Spent last week thrashing in the grip of a nasty bug, my fever dreams enhanced by the American government, which, after fifteen votes for speaker of the House, has been reduced to an endless screech. Here in Las Vegas, we’re catching the faintest edge of the atmospheric river, a weather event that sounds like something from a fantasy novel.

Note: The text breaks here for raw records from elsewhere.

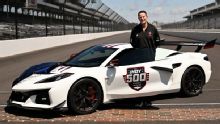 Curt Cignetti drives honorary pace car at 2026 Indy 500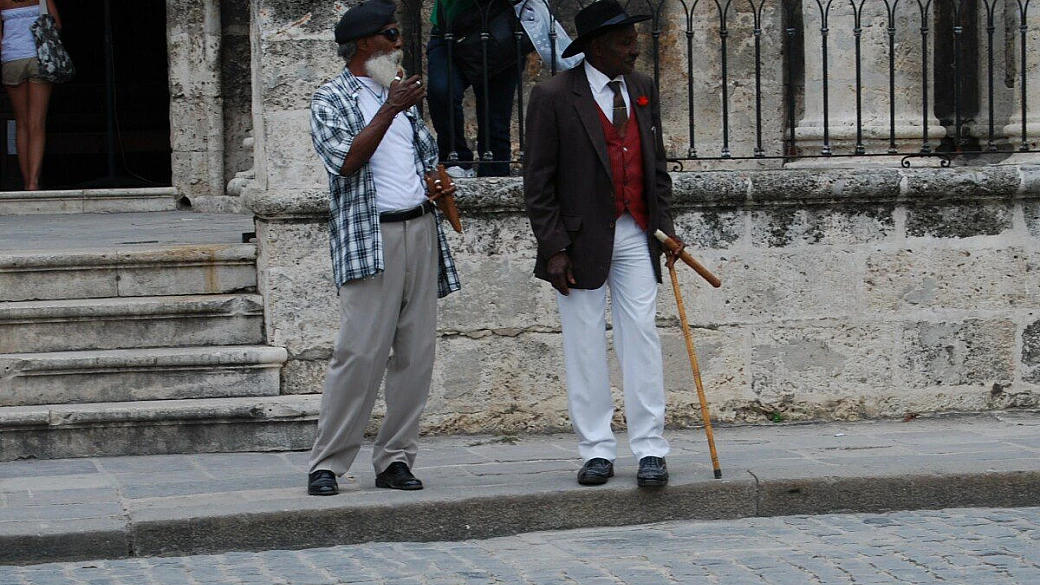 avana, bella ma okkio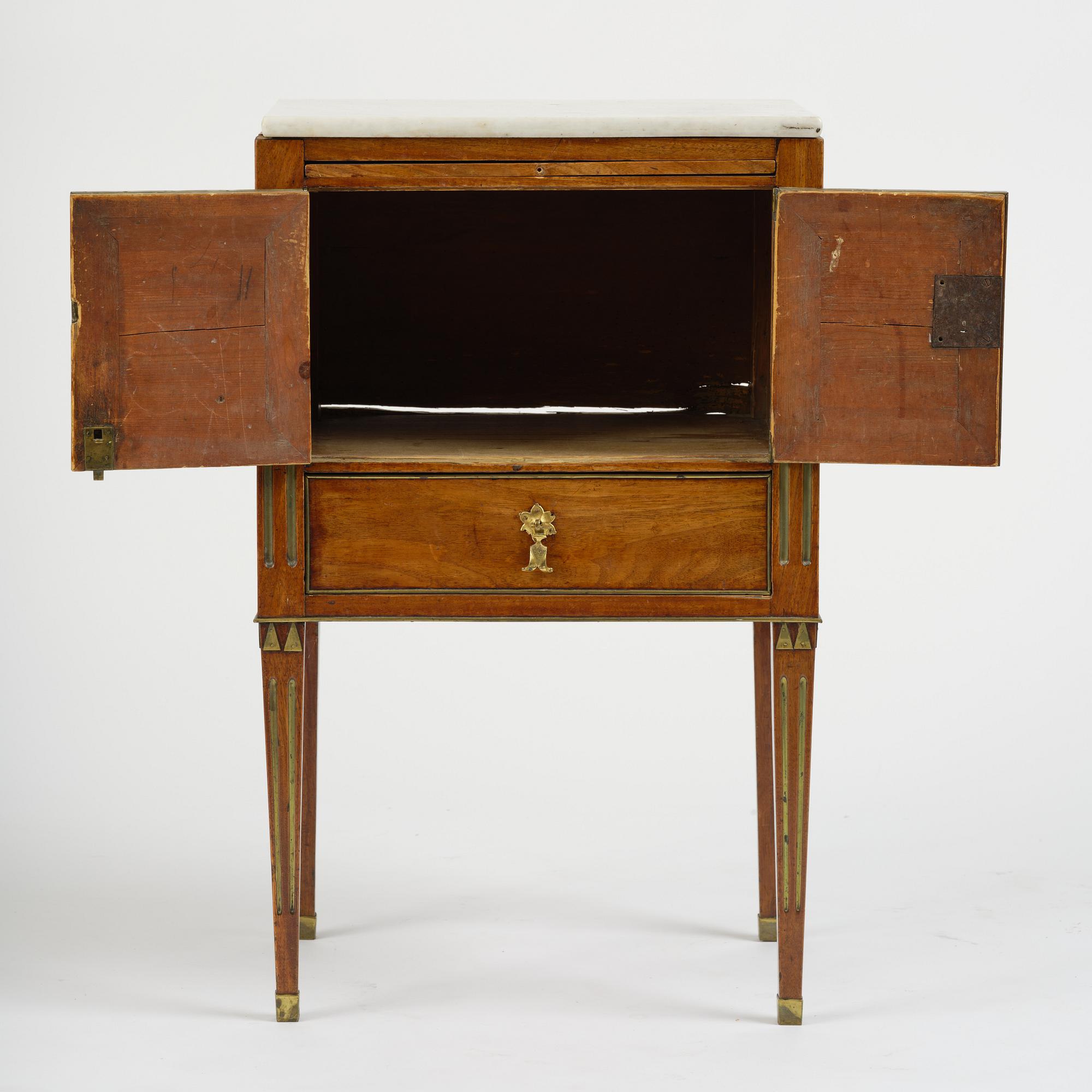 A late Gustavian mahogany chamberpot cupboard, circa 1800.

In The Peripheral, William Gibson describes “the jackpot,” a cascade of crises that wipe out most of humanity ten or twenty years from now. His vision of the apocalypse is “multicausal, with no particular beginning and no end. More a climate than an event, so not the way apocalypse stories liked to have a big event, after which everybody ran around with guns . . .” And ten pages later: “Conspiracy theory’s got to be simple. Sense doesn’t come into it. People are more scared of how complicated shit actually is than they are about whatever’s supposed to be behind the conspiracy.”

Shopping at Walmart in Vegas sounds bleak, but it was remarkably pleasant. Phil Collins sang about how he could feel it coming in the air tonight while I collected the materials for a shepherd’s pie. But the secret ingredient must be found elsewhere: Sichuan peppercorns.

There’s a bird in the desert that sounds like a buzzy little synthesizer, maybe a 303, and I’d like to know its name.